» **EXERCISE DATA**:
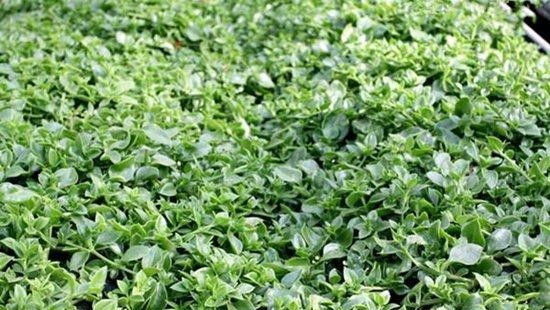 种植穿心莲如何管理?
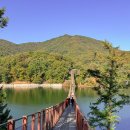 출렁다리 카페 이미지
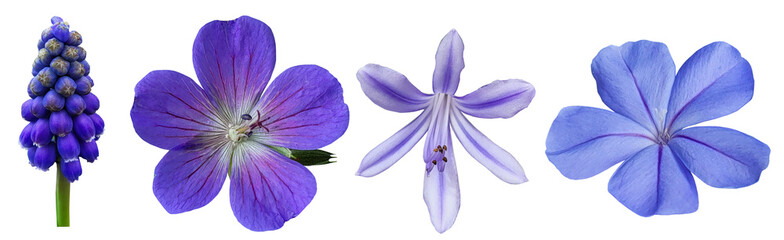 Collection of blue and purple flowers isolated, muscari, grape hyacinth, agapanthus, plumbago, leadwort, geranium, crane's bill, lily of the nile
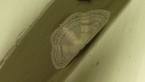 Geometrid Moth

» **TASK TO COMPLETE**: Leave the pictures out and copy exactly the lines from the one that holds "출렁다리 카페 이미지" through the last line of the material.

» **ANSWER BOX**:
 출렁다리 카페 이미지
 Collection of blue and purple flowers isolated, muscari, grape hyacinth, agapanthus, plumbago, leadwort, geranium, crane's bill, lily of the nile
 Geometrid Moth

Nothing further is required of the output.